▶ [WHAT IS NEEDED] From the records below, copy out exactly the lines from the one containing "Corpus Christi Beachfront" to the one containing "Haveone - Top", both included. Add nothing else.

▶ [DATA EXTRACTS]
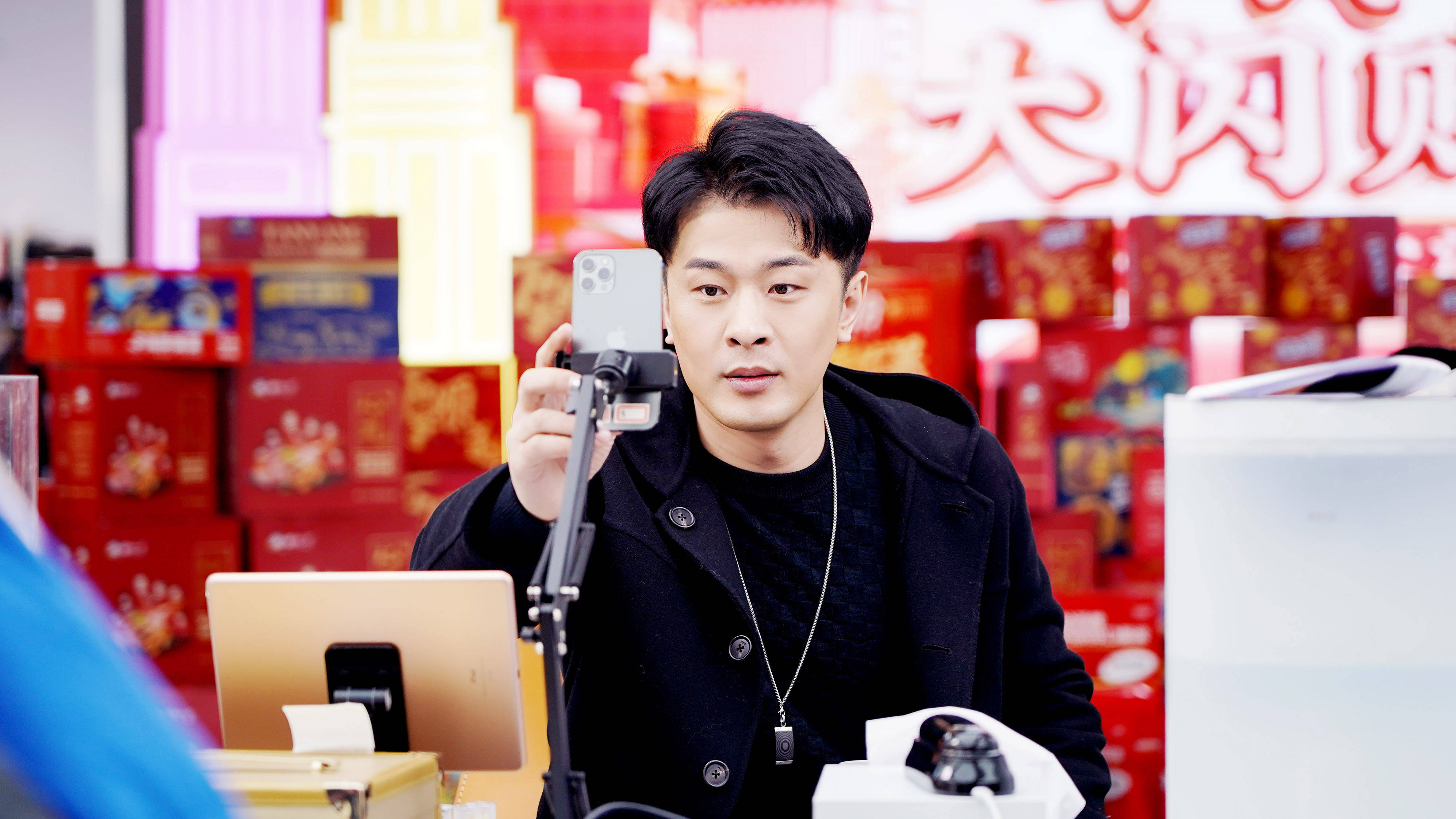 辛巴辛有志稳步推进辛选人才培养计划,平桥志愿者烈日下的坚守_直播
---
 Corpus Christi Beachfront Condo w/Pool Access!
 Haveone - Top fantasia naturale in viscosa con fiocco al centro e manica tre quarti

▶ [ANSWER TO THIS EXERCISE]
 Corpus Christi Beachfront Condo w/Pool Access!
 Haveone - Top fantasia naturale in viscosa con fiocco al centro e manica tre quarti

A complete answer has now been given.